- **What you are asked to do**
Please keep to the lines below from the one with "MtG Magic The" through the one with "Гель-лак PNB 007", and restate them word for word, ends included.
------------------------
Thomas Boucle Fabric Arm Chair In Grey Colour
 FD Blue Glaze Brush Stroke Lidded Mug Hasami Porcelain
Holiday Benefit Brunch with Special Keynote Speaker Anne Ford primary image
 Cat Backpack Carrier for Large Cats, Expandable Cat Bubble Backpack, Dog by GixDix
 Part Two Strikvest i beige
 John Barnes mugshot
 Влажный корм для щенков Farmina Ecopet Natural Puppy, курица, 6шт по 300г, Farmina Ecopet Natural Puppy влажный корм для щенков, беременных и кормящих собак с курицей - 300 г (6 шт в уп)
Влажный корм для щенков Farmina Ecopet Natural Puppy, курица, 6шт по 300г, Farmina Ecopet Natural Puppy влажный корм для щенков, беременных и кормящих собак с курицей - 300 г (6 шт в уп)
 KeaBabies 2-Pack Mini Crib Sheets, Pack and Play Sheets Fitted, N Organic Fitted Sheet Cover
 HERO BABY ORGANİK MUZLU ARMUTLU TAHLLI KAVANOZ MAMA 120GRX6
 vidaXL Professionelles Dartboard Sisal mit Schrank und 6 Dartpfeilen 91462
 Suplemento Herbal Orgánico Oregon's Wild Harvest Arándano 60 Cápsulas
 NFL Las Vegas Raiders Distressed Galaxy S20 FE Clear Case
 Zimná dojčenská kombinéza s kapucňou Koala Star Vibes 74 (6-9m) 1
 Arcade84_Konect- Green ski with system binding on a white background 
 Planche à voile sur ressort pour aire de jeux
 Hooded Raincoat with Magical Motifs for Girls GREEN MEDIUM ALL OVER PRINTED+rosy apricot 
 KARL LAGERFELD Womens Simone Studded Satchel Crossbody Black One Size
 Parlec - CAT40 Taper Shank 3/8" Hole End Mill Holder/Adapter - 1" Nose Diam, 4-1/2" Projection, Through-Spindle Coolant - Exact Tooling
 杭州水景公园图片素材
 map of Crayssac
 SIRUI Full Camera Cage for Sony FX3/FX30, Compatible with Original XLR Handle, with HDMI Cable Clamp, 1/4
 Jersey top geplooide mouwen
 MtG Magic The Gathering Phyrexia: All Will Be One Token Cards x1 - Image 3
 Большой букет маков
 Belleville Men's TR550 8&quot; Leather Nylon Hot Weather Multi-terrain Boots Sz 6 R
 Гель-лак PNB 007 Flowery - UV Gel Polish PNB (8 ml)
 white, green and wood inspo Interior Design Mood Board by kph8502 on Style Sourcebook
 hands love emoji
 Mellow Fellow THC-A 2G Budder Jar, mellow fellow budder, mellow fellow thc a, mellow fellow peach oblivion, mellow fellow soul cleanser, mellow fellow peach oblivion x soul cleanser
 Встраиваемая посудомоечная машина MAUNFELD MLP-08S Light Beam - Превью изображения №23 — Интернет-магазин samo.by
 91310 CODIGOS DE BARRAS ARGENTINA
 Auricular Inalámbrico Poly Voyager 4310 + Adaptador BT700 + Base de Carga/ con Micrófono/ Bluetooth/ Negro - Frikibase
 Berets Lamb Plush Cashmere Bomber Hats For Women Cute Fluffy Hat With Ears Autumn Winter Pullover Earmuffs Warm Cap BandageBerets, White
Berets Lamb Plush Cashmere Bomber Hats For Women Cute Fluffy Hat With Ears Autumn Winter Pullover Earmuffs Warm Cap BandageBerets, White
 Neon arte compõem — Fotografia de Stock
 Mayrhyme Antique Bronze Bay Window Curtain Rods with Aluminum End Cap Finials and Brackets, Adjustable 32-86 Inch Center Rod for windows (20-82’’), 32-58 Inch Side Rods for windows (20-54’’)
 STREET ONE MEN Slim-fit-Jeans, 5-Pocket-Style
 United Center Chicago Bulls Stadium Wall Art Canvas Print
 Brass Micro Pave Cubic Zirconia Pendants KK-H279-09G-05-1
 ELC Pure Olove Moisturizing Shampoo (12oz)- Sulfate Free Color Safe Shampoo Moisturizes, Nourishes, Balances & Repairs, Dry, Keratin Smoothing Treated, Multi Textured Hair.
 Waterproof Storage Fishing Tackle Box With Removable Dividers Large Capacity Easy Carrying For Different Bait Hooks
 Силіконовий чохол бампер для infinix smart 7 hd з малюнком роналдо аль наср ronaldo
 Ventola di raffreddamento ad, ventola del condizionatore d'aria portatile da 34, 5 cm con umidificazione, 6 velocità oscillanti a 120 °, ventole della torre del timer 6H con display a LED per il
------------------------
- **Solved exercise**
 MtG Magic The Gathering Phyrexia: All Will Be One Token Cards x1 - Image 3
 Большой букет маков
 Belleville Men's TR550 8&quot; Leather Nylon Hot Weather Multi-terrain Boots Sz 6 R
 Гель-лак PNB 007 Flowery - UV Gel Polish PNB (8 ml)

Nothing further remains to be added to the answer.